SUPREME COURT OF NEW YORK, APPELLATE DIVISION, THIRD DEPARTMENT


October 20, 1969

IN THE MATTER OF ROBERT M. DONAHUE, PETITIONER,
v.
VINCENT L. TOFANY, AS COMMISSIONER OF MOTOR VEHICLES OF THE STATE OF NEW YORK, RESPONDENT

Proceeding under article 78 of the CPLR to review a determination of the Commissioner of Motor Vehicles which revoked petitioner's operator's license for refusal to submit to a chemical test to determine the alcoholic content of his blood following his arrest for driving while intoxicated. (Vehicle and Traffic Law, ยง 1194, subd. 1.)

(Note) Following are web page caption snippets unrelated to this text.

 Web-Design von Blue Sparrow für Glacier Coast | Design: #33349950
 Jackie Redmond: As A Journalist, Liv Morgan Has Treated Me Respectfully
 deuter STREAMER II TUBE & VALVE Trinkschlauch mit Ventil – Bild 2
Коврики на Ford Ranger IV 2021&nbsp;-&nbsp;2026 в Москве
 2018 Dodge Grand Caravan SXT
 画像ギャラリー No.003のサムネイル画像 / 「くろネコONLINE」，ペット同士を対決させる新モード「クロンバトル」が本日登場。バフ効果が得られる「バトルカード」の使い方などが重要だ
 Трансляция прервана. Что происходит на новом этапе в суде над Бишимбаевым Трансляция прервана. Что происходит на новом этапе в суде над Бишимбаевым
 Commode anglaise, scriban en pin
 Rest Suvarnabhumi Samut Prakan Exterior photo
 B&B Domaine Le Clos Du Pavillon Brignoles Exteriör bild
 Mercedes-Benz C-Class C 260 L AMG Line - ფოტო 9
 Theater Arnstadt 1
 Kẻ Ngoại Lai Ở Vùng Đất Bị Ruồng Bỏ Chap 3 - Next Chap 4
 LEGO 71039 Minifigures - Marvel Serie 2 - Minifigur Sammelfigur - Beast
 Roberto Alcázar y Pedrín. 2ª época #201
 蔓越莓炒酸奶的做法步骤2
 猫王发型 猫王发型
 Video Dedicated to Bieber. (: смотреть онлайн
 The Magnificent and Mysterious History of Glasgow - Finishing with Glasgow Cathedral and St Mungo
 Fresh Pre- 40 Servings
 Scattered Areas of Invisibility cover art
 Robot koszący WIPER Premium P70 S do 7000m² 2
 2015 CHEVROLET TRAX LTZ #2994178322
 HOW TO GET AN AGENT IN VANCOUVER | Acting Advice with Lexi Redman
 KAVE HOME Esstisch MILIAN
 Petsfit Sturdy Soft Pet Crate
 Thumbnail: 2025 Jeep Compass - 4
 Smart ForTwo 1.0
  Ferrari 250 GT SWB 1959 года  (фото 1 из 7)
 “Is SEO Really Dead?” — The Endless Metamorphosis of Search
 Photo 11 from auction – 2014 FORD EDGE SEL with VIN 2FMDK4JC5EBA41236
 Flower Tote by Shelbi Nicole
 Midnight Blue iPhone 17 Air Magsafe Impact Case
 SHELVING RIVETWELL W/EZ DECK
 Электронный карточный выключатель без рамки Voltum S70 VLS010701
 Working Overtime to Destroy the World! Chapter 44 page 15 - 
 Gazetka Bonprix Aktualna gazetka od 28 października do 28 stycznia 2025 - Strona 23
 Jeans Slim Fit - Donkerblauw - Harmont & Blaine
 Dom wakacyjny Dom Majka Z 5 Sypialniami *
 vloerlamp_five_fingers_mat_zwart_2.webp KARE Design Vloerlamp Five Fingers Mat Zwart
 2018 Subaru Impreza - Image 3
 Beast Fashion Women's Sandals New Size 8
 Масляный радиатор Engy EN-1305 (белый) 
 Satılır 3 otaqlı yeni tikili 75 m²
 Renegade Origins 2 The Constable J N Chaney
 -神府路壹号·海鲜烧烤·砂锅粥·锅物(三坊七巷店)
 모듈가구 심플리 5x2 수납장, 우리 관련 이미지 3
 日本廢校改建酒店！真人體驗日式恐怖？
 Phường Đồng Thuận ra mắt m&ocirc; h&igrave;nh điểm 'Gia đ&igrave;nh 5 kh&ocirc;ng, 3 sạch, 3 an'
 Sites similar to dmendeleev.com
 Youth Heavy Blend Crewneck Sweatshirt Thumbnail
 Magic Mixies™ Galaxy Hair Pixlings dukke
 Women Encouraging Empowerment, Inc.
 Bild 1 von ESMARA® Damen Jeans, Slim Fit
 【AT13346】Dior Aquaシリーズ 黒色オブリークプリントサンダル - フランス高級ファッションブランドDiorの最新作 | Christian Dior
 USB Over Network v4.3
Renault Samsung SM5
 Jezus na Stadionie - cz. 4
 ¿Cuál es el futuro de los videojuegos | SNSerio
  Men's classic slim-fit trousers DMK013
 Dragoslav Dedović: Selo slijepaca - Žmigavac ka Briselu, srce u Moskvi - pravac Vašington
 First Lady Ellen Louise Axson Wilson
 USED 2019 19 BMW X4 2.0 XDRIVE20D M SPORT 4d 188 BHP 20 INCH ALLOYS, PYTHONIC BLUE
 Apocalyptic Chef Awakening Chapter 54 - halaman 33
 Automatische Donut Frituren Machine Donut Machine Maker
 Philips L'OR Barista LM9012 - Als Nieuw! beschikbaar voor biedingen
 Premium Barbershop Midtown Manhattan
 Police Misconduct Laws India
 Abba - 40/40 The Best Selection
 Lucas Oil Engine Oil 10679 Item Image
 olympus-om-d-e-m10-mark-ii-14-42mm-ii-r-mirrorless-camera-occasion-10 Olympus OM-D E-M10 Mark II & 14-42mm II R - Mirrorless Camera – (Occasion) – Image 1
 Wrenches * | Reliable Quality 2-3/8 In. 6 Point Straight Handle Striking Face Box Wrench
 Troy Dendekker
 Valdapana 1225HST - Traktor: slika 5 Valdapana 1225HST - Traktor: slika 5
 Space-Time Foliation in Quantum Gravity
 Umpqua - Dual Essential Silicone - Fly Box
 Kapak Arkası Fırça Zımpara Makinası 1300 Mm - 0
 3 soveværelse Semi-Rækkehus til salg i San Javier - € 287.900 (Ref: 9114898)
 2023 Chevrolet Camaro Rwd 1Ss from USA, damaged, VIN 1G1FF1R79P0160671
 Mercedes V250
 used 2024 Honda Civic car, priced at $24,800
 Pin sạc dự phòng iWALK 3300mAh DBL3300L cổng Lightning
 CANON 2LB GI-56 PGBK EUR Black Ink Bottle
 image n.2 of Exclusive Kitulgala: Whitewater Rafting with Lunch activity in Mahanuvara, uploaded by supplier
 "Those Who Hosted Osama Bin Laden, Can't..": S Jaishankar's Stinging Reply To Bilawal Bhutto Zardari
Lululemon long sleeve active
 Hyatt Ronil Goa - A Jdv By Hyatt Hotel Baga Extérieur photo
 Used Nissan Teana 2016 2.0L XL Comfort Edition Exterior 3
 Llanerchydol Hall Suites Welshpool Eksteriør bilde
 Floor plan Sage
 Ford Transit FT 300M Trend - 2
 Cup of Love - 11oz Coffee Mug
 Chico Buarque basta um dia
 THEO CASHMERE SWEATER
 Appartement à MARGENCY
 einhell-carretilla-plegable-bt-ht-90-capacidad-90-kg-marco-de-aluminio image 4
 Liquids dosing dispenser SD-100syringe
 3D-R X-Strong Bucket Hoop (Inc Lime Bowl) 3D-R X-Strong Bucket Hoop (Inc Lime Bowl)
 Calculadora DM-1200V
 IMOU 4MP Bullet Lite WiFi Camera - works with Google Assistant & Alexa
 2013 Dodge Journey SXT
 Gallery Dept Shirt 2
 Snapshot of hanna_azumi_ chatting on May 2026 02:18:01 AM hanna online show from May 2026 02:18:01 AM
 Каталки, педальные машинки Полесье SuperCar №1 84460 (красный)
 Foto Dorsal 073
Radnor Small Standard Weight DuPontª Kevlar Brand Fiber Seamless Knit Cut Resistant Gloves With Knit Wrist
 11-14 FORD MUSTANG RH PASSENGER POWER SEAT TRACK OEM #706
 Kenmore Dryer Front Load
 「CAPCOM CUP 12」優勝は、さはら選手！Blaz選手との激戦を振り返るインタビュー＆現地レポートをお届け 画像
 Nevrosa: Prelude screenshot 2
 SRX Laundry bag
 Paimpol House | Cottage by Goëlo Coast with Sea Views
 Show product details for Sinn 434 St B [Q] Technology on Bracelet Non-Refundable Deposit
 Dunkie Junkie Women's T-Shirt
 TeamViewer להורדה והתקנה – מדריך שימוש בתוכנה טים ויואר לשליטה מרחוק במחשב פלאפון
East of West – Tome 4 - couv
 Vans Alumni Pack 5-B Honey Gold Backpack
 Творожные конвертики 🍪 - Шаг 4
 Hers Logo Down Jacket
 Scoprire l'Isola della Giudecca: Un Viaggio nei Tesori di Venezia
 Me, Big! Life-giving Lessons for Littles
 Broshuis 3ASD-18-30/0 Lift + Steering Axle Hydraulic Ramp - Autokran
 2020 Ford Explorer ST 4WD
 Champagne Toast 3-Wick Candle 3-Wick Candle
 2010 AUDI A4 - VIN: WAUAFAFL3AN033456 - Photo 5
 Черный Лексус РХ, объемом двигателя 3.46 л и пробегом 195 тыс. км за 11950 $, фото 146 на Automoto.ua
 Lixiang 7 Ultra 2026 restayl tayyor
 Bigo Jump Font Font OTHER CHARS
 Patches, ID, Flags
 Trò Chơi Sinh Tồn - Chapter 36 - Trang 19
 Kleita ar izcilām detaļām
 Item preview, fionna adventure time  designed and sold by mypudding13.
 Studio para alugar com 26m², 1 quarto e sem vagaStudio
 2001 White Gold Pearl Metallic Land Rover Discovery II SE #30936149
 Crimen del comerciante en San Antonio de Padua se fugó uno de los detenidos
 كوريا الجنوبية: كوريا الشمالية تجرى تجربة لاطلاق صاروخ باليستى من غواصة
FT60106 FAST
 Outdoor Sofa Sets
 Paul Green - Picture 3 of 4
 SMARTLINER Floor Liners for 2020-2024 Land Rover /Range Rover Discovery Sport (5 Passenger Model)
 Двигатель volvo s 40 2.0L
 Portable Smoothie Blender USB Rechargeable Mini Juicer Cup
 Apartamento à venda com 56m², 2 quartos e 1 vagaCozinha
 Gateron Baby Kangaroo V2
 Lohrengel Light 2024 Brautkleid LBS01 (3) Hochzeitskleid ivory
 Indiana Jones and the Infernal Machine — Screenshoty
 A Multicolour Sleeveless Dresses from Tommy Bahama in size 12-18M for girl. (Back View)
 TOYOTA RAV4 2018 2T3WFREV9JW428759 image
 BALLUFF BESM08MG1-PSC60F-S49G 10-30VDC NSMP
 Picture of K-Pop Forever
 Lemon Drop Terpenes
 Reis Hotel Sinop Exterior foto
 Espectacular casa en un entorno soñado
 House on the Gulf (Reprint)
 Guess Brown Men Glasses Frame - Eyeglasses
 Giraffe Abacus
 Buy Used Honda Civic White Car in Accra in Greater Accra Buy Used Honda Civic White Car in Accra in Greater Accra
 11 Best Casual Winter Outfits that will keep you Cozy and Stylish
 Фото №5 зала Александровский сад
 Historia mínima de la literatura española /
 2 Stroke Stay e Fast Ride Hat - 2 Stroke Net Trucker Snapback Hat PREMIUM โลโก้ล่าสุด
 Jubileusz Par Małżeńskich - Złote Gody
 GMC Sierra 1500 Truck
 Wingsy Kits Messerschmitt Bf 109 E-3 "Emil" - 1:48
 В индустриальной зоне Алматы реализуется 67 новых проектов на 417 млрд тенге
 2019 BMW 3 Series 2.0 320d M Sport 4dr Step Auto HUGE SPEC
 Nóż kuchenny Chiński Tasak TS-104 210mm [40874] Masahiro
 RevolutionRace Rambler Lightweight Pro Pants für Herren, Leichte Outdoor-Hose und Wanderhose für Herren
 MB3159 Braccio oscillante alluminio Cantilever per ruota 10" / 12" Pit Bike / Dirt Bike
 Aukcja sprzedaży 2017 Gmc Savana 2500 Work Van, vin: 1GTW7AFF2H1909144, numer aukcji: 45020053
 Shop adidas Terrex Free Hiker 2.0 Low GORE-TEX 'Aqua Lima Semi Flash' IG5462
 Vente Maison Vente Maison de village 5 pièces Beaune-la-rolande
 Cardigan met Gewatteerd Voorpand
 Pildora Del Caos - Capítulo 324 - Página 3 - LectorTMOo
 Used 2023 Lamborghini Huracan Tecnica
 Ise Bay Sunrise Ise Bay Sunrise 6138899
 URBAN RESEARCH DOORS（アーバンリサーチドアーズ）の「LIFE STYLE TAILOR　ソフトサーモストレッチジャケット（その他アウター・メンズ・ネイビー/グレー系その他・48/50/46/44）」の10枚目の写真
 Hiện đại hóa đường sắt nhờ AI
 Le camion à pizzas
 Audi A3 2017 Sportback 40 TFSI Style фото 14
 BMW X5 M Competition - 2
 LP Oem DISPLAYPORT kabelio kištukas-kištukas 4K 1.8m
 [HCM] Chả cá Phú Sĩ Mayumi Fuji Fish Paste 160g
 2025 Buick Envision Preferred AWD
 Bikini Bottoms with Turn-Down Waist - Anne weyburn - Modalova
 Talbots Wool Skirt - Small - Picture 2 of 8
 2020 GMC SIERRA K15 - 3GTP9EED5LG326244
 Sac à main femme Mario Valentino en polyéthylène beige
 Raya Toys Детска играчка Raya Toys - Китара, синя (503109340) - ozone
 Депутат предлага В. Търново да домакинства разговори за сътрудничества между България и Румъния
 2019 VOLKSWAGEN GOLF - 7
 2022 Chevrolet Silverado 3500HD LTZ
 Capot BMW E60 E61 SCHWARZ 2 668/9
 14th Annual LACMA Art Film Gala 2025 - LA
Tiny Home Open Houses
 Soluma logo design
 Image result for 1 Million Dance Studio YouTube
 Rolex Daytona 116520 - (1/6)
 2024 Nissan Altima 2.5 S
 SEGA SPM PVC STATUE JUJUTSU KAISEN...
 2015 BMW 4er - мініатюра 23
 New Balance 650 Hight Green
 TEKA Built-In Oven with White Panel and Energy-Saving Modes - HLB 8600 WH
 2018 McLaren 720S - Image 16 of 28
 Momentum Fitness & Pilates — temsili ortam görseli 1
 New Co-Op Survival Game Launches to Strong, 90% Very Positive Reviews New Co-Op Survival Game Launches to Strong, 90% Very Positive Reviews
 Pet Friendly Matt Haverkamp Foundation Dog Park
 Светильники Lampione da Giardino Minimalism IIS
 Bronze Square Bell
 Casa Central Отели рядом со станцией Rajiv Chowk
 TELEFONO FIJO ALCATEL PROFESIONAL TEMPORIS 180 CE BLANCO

Staley, Jr., J. Herlihy, P. J., Reynolds, Staley, Jr., Greenblott and Cooke, JJ., concur in memorandum by Staley, Jr., J.

Author: Staley

Petitioner was arrested on December 2, 1967 about 1:40 a.m. by a State Trooper and charged with driving while intoxicated. At the time of his arrest petitioner was asked if he would submit to a chemical test for intoxication and he said that he would. While petitioner and the trooper were en route to the barracks in the patrol car, petitioner was told that they would meet the doctor at the barracks for the blood test, at which time petitioner replied that he would not submit to any test. Petitioner concedes that he was advised of his rights, his right to the aid of counsel. Petitioner was thereafter arraigned before a Police Justice where he conferred with his attorney by telephone. His attorney also talked with the trooper over the telephone which was about one and one-half hours after the arrest, and told the trooper that petitioner could submit to a chemical test. Petitioner testified that at that time he offered to take the test but was told it was too late. The trooper testified that the petitioner said nothing about taking the test after his conversation with his attorney. Petitioner contends that his alleged consent to take the chemical test some considerable time after his refusal, but within two hours after his arrest, cannot be construed as a refusal to submit to the test. The two-hour limitation provided by subdivision 3 of section 1192 of the Vehicle and Traffic Law is for the purpose of qualifying the results of the test for admission in evidence, and not necessarily to confer additional privileges upon the defendant, or to extend his rights in point of time. (Matter of Neet v. Hults, 26 A.D.2d 970.) The Referee found that petitioner refused to submit to a chemical test, and that the refusal occurred within a two-hour period following the arrest. Upon the evidence respondent's findings were justified and as purely factual conclusions of an administrative agency, should not be disturbed. (Matter of Lundin v. Hults, 29 A.D.2d 581; Matter of Sowa v. Hults, 22 A.D.2d 730.)

 Disposition

Determination confirmed, without costs.